=== Provided records ===
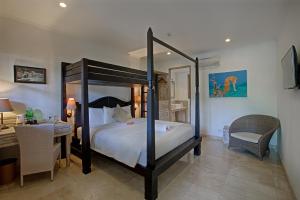 八丹拜OK潜水度假酒店及Spa的一间卧室配有一张天蓬床、一张书桌和一张书桌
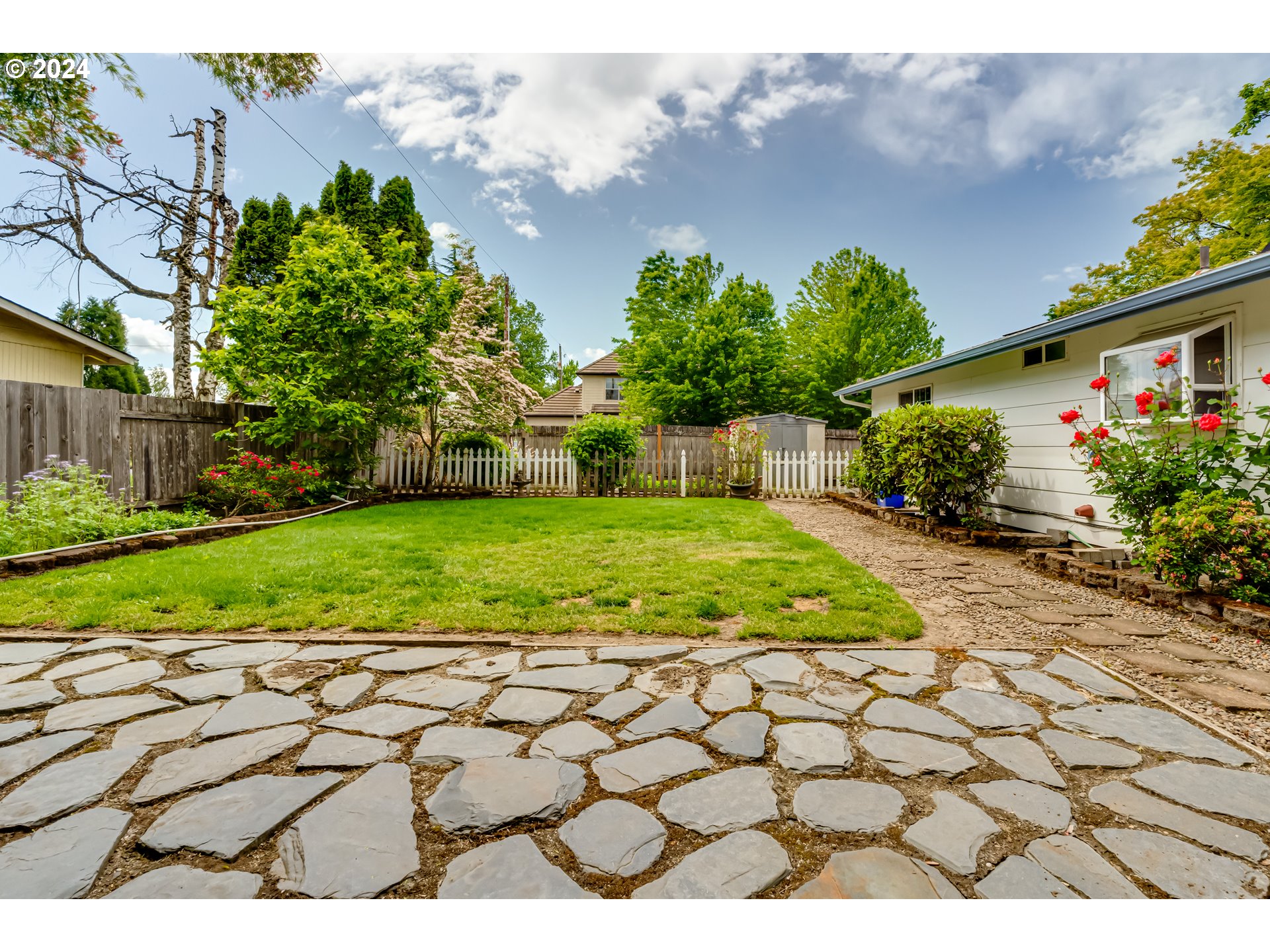 4115 Scottdale Street Eugene, OR 97404 - Photo 30 of 33 a view of a yard with plants
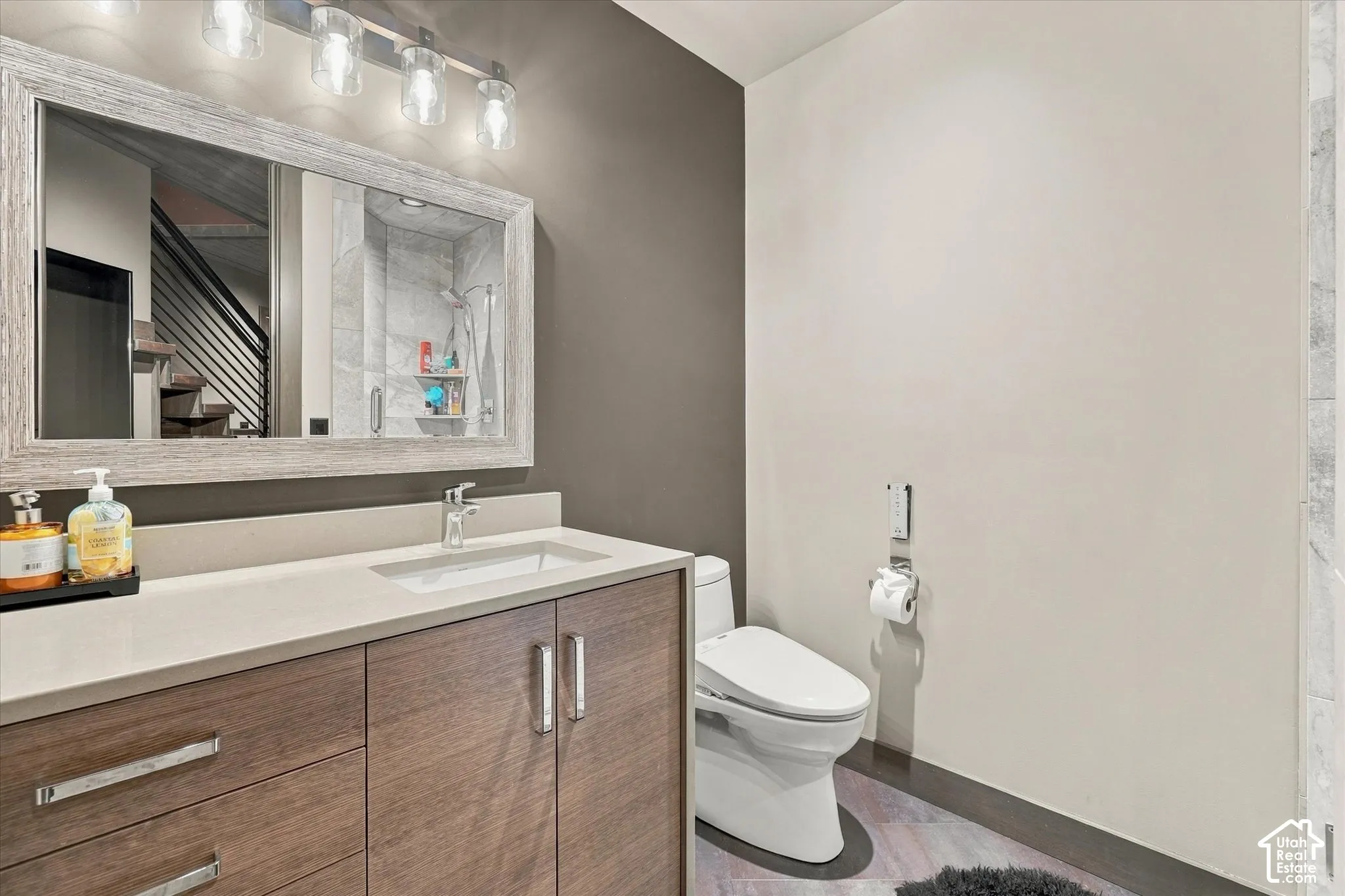 Wood-finish vanity with an integrated sink, light-toned countertop, and framed mirror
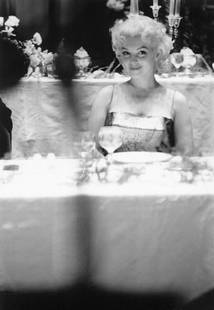 Your Table Awaits: Artist: Ed Feingersh Title: Your Table Awaits Medium: Silver Gelatin Year: 1955 Height/Width: 16 x 12 in Description: Actress Marilyn Monroe sits at a table in a restaurant in March 1955 in New York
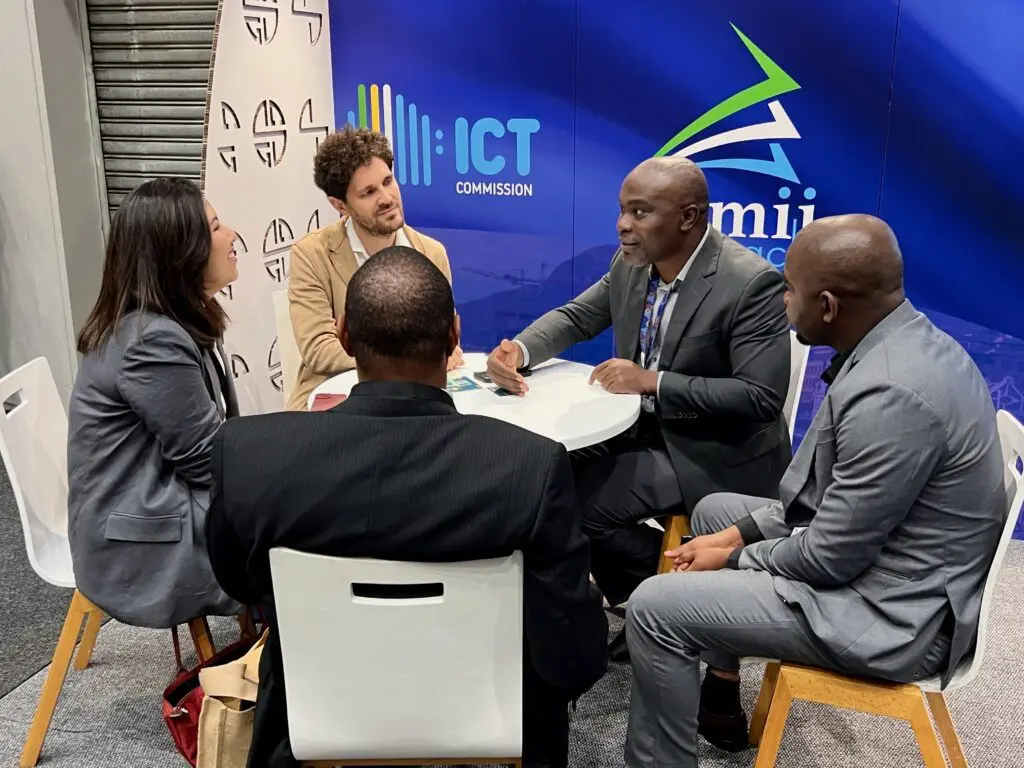 Lucia and Fabrizio meeting colleagues from Tanzania in front of an ICT Commission banner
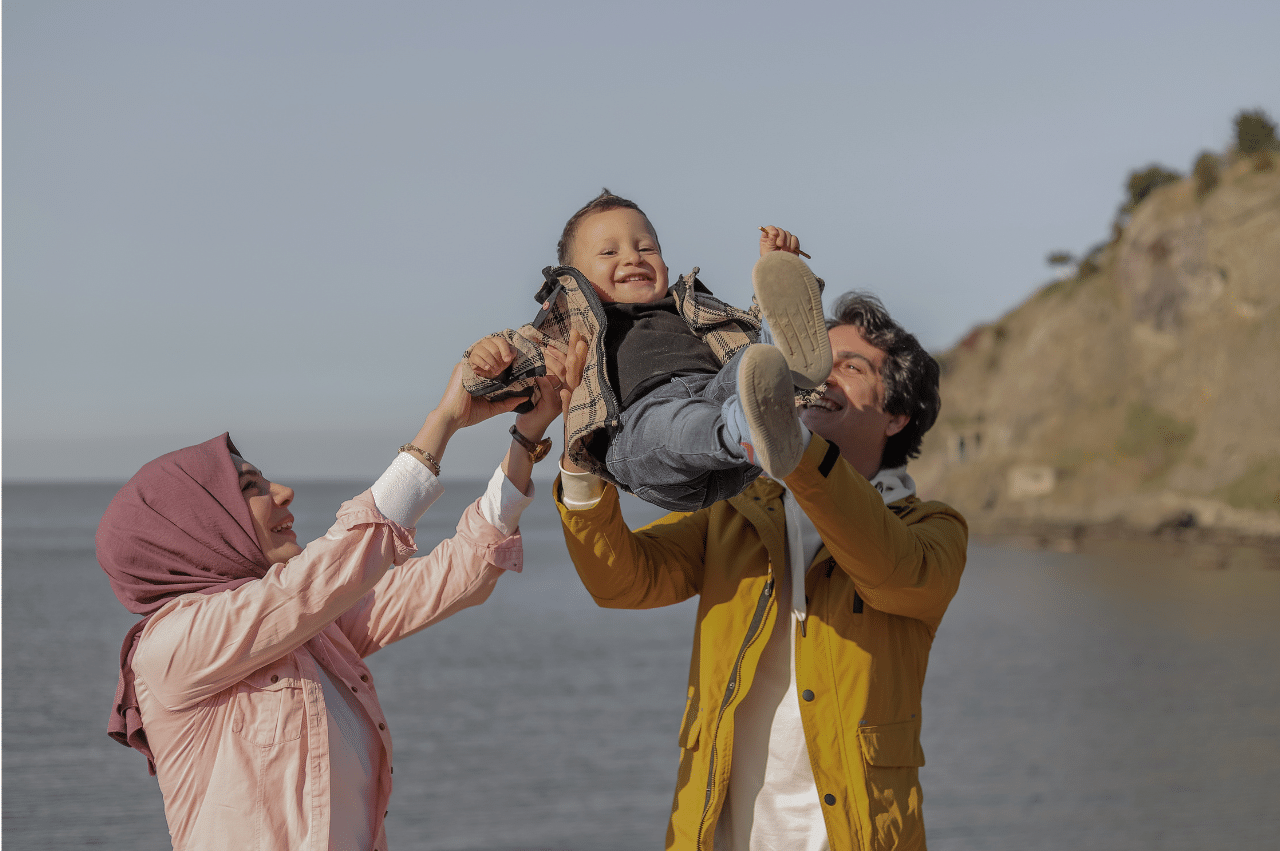 Parents swinging their toddler up in the air in front of a body of water. The child is laughing along with their parents.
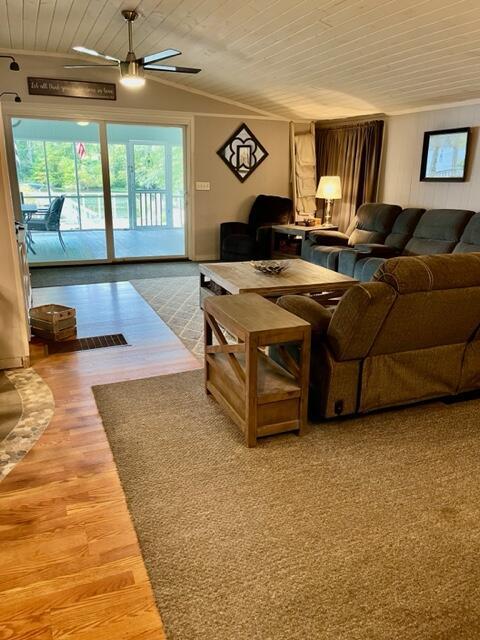 living room with wooden ceiling, wood finished floors, a ceiling fan, and crown molding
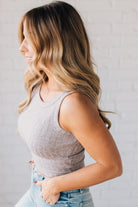 Blonde girl modeling a solid ribbed cropped tank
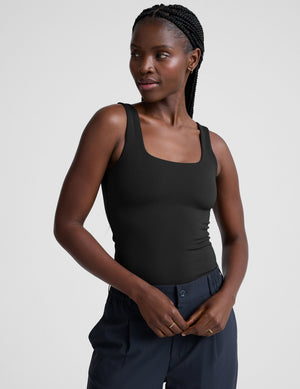 model is wearing a black double-layered square neckline bodysuit and blue trousers against a light gray background.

=== Problem ===
Leave out the pictures and retype the rest of the entries exactly.

=== Output below ===
 八丹拜OK潜水度假酒店及Spa的一间卧室配有一张天蓬床、一张书桌和一张书桌
 4115 Scottdale Street Eugene, OR 97404 - Photo 30 of 33 a view of a yard with plants
 Wood-finish vanity with an integrated sink, light-toned countertop, and framed mirror
 Your Table Awaits: Artist: Ed Feingersh Title: Your Table Awaits Medium: Silver Gelatin Year: 1955 Height/Width: 16 x 12 in Description: Actress Marilyn Monroe sits at a table in a restaurant in March 1955 in New York
 Lucia and Fabrizio meeting colleagues from Tanzania in front of an ICT Commission banner
 Parents swinging their toddler up in the air in front of a body of water. The child is laughing along with their parents.
 living room with wooden ceiling, wood finished floors, a ceiling fan, and crown molding
 Blonde girl modeling a solid ribbed cropped tank
 model is wearing a black double-layered square neckline bodysuit and blue trousers against a light gray background.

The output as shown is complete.